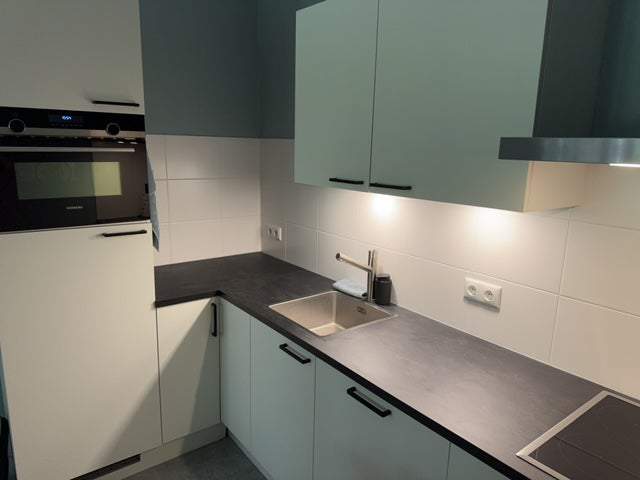 Image 3 of 7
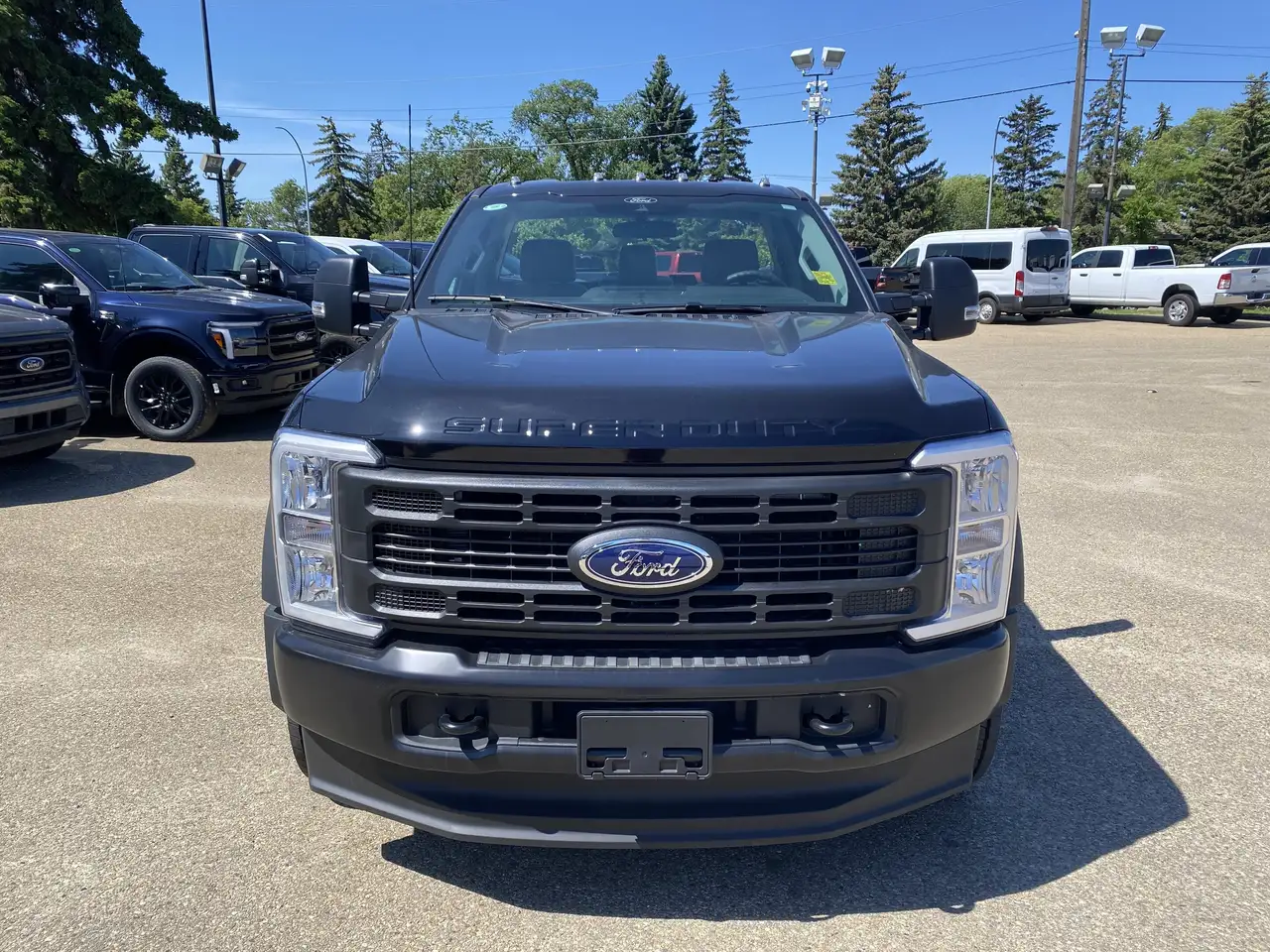 Ford F-550 Super Duty снимка Ford F-550 Super Duty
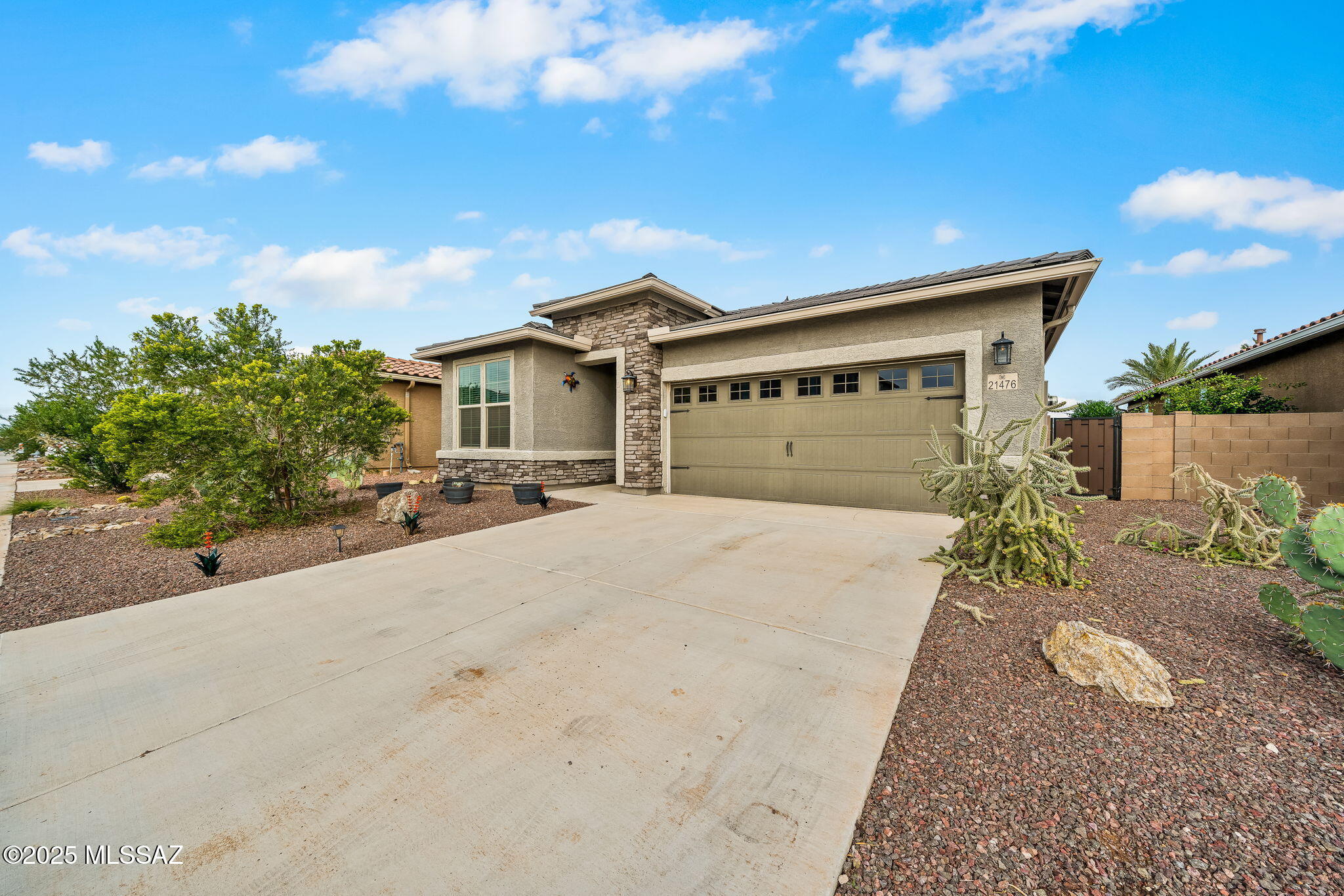 21476 E Treasure Road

ACTION ITEM.
Return all the data exactly, pictures omitted.

ANSWER TO THE EXERCISE.
 Image 3 of 7
 Ford F-550 Super Duty снимка Ford F-550 Super Duty
 21476 E Treasure Road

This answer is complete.